Package 'ClusVis'

Title: Gaussian-Based Visualization of Gaussian and Non-Gaussian Model-Based Clustering
Description: Gaussian-Based Visualization of Gaussian and Non-Gaussian Model-Based Clustering done on any type of data. Visualization is based on the probabilities of classification.
Authors: Christophe Biernacki [aut], Matthieu Marbac [aut, cre], Vincent Vandewalle [aut]
Maintainer: Matthieu Marbac <[email protected]>
License: GPL (>= 2)
Version: 1.2.0
Built: 2024-12-09 06:46:28 UTC
Source: CRAN

Help Index


Gaussian-Based Visualization of Gaussian and Non-Gaussian Model-Based Clustering.

Description

The main function for parameter inference is clusvis. Moreover, specific functions clusvisVarSelLCM and clusvisMixmod are implemented to visualize the results of the R package VarSelLCM and Rmixmod.
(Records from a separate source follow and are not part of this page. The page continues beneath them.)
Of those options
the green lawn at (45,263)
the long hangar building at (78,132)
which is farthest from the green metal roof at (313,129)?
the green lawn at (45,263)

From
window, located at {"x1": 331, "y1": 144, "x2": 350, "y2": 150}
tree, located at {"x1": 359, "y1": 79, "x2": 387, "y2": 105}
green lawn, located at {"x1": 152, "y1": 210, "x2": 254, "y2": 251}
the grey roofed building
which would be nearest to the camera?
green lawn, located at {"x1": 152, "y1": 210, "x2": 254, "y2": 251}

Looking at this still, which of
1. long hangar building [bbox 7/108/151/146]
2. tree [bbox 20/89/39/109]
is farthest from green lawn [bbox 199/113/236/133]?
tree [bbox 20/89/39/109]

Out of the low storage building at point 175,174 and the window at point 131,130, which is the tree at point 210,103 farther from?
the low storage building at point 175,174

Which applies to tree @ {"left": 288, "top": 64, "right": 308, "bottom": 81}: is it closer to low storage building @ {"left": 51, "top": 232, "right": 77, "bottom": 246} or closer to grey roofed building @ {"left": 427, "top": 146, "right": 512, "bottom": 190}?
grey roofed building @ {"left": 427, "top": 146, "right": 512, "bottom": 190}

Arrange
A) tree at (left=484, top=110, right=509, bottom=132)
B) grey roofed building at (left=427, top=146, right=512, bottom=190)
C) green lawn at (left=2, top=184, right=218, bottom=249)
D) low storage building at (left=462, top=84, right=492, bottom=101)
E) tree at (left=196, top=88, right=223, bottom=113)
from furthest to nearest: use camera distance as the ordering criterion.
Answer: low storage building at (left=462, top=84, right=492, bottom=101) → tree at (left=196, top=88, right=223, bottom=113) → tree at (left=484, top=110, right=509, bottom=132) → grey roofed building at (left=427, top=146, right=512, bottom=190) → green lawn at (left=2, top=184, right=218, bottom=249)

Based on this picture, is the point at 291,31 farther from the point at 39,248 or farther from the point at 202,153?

After parameter inference, visualization is done with function plotDensityClusVisu.

Details

Package: ClusVis
Type: Package
Version: 1.1.0
Date: 2018-04-18
License: GPL-3
LazyLoad: yes

Author(s)

Biernacki, C. and Marbac, M. and Vandewalle, V.

Examples

## Not run: 

 ## First example: R package Rmixmod
 # Package loading
 require(Rmixmod)

 # Data loading (categorical data)
 data("congress")
 # Model-based clustering with 4 components
 set.seed(123)
 res <- mixmodCluster(congress[,-1], 4, strategy = mixmodStrategy(nbTryInInit = 500, nbTry=25))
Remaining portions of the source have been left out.